The resulting output provides a clean table displaying airlines along with their corresponding AFINN scores, obtained through the scraping process. This table is presented below:

airline afinn_score
Alaska Airlines -5.700000
Allegiant Air -7.222222
American Airlines -8.666667
Delta Air Lines -1.600000
Frontier Airlines -5.888889
Hawaiian Airlines -4.100000
Jetblue Airways -4.000000
Skywest Airlines 2.555556
Southwest Airlines -5.333333
Spirit Air Lines -4.900000
United Air Lines 1.500000

Sentiment Results

To compare sentiment analysis scores with the overall average delay times of each airline, a point plot was created below. This visualization aims to uncover any potential patterns or correlations between delay times and sentiment scores.

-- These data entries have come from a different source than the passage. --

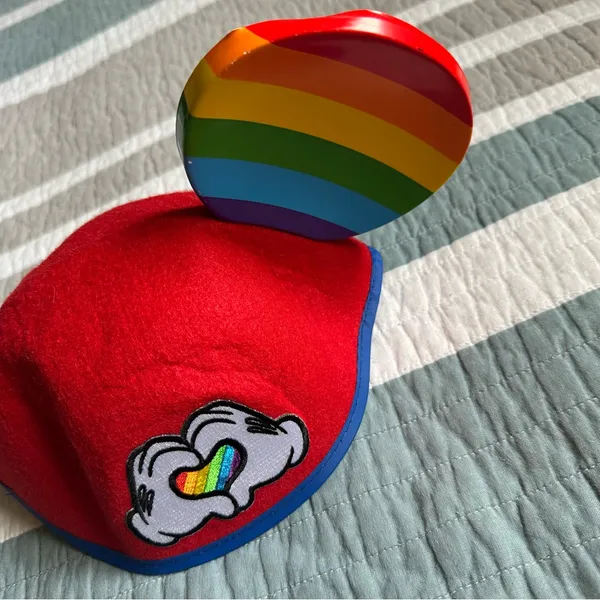 Disney Parks Rainbow Pride Mickey Ears Hat Love Hands Mouse Heart - Image 4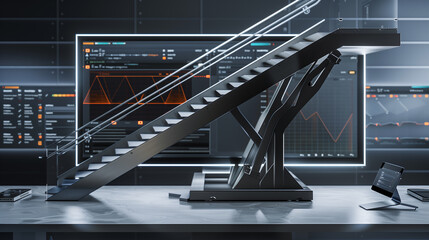 Fototapeta premium A 3D digital design of an LSF staircase with an ultra-modern steel frame.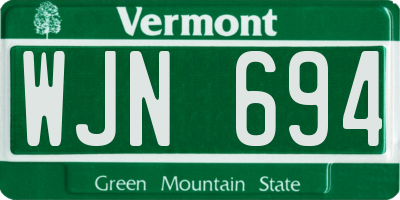 VT license plate WJN694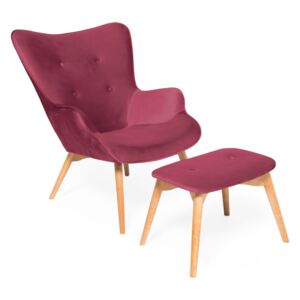 Cora Velvet rózsaszín fotel és lábtartó, természetes lábszerkezet - Vivonita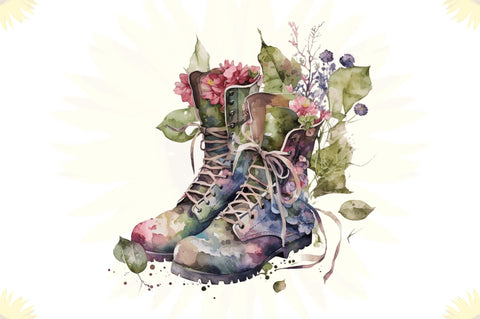 Watercolor Leather Flower Boots Clipart Bundle Sublimation Regulrcrative 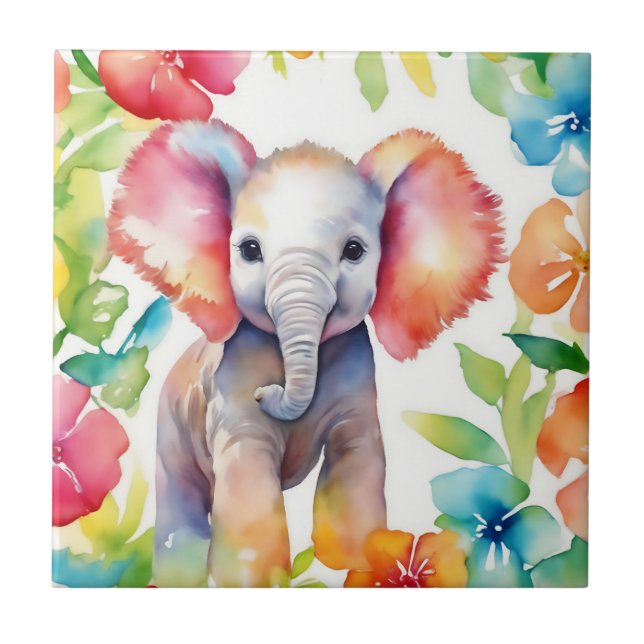 Elephant Vibrant Watercolor Ceramic Tile (Front)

As a result, it becomes evident that there is little to no correlation between AFINN sentiment scores and the average delay time of an airline. This finding suggests that external factors beyond delay times exert a significant influence on the sentiment review scores of airlines. This observation underscores the complexity of passenger perceptions and highlights the multifaceted nature of factors that contribute to overall airline satisfaction.

Summary

In this report, an investigation was conducted to examine the relationship between airline delay times and passenger sentiment scores obtained from airlinequality.com using AFINN sentiment analysis. While analyzing the data, it became apparent that there is little to no correlation between AFINN sentiment scores and average delay times among airlines. This suggests that factors beyond flight delays significantly influence passenger sentiment towards airlines. The findings underscore the intricate nature of passenger perceptions and emphasize the importance of considering various factors beyond operational metrics in assessing overall airline satisfaction.